Following the successful challenge at the United States Supreme Court level Oklahoma state officials quickly constructed “Langston University School of Law”a makeshift “law school” in room 428 of the state capitol building in an effort to continue denying Sipuel Fisher entry to the University of Oklahoma. Further litigation was necessary to prove that this law school was inferior to the University of Oklahoma law school. Before a lawsuit challenging “Langston University School of Law” was resolved, the law school ran out of funds. The “Langston University School of Law” closed in 1949. The president of the University of Oklahoma law school finally admitted Sipuel Fisher on June 18, 1949, making her the first African American woman to attend an all white law school in the Southern US. That was not the end of her challenges. Inside the law school classroom Sipuel Fisher was forced to sit in a segregated seat at the back of the class marked” “colored” that was roped off from the rest of the class. She also had to eat in a separate chained-off guarded area of the law school cafeteria. She stayed the course and graduated in 1951 with a law degree from the University of Oklahoma. After passing the bar, Sipuel practiced law until 1956, when she left legal practice to work as the public relations director for her alma mater Langston University. In 1981, the Smithsonian Institution designated Sipuel Fisher as one of the 150 outstanding Black Women Who Have Had the Most Impact on The Course of American History. Ironically in 1991, the University of Oklahoma honoured her with an Honorary Doctorate and in 1992, she was appointed to the University Of Oklahoma Board Of Regents.
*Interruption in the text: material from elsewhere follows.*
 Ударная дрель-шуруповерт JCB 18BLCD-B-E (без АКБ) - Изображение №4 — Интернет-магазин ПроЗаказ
Fourteen years into the 21st century Africans in North America (Canada and the USA) continue to face challenges living in a White Supremacist culture dealing with racial profiling on many levels. We may no longer be “stereotyped as Aunt Jemima, Sapphire, Uncle Tom and Sambo” but we continue to struggle against the negative images that lead to racial profiling. The brave stance of the Black Action Defence Committee (BADC) filing law suits against police forces in Ontario that have engaged in racial profiling must be commended and supported as we go forward in this new year.